Draußen war es dunkel geworden. Er war überhaupt nur hier vorbeigegangen, weil er nach dem Bus suchte, in dem die Heilsarmee besonders bedürftige Drogenabhängige betreute. Er musste mehr über die tote Nina Stenshagen in Erfahrung bringen. Das bedeutete, dass er jemanden finden musste, der etwas wusste und außerdem auch noch glaubwürdig war. Das war in Nina Stenshagens Kreisen gar nicht so einfach.

Er ging in Richtung Jernbanetorget und entdeckte den Bus, als er in die Dronningens Gate einbog. Der Bus war alt, aus den 80er Jahren, und spuckte dicke schwarze Dieselschwaden aus. Gunnarstranda winkte, und der Bus hielt am Straßenrand. Die vordere Tür wurde geöffnet, und Gunnarstranda stieg ein.

Es war fast niemand an Bord. Nur drei, vier erschöpfte Junkies saßen ganz hinten und aßen ihre Lunchpakete.

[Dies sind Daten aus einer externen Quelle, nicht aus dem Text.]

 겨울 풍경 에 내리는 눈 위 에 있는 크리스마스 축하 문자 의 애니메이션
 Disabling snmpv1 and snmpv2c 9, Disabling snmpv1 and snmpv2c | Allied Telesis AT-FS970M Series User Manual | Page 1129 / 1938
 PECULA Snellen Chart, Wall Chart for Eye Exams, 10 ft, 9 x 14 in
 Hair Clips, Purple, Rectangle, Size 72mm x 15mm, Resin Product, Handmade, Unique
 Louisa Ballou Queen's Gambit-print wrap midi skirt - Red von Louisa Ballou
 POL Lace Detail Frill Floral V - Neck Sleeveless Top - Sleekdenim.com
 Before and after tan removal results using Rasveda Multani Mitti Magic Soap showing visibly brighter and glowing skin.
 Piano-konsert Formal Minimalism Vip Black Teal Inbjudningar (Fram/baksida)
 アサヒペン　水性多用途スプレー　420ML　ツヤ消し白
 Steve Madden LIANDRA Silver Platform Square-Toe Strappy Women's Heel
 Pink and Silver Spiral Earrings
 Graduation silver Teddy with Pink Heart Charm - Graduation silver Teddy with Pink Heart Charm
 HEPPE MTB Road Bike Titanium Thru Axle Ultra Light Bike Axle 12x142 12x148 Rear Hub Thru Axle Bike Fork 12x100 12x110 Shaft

Der Bus fuhr weiter. Gunnarstranda lehnte sich an eine Haltestange und zeigte dem Fahrer seinen Ausweis. Der Mann war in den Vierzigern, hatte langes graues Haar und einen Pferdeschwanz und trug die Uniform der Heilsarmee.

»Es geht um Nina Stenshagen«, sagte Gunnarstranda.

»Was ist mit ihr?«

»Sie ist tot.«

»Überdosis?«

Gunnarstranda schüttelte den Kopf. »Sie ist heute Morgen im Tunnel zwischen Tøyen und Grønland unter einen T-Bahnzug geraten. Ich versuche, die Umstände zu klären.«

»Tja, da können wir Ihnen wohl leider nicht weiterhelfen.«

»Kannten Sie sie?«

»Man kennt Leute wie Nina nie wirklich, aber ich weiß, wer sie war. Hab ein paar Mal mit ihr zu tun gehabt.«

Gunnarstranda hielt sich fest, als die Ampel auf Grün sprang und der Mann Gas gab. »Hatte sie Feinde?«

»Nina? Kann ich mir kaum vorstellen. Sie hatte genug damit zu tun zu überleben, die Arme. Keine Feinde – wenn sie nicht irgendjemandem den Morgenschuss geklaut hat.«

Gunnarstranda schaute nach hinten. Einer der Passagiere ließ einen Karton Kakao herumgehen.

»Ist das wahrscheinlich?«

»Was?«

»War Nina der Typ, der anderen Stoff klaut?«

Der Mann am Steuer lächelte Gunnarstranda an, als sei die Antwort völlig klar.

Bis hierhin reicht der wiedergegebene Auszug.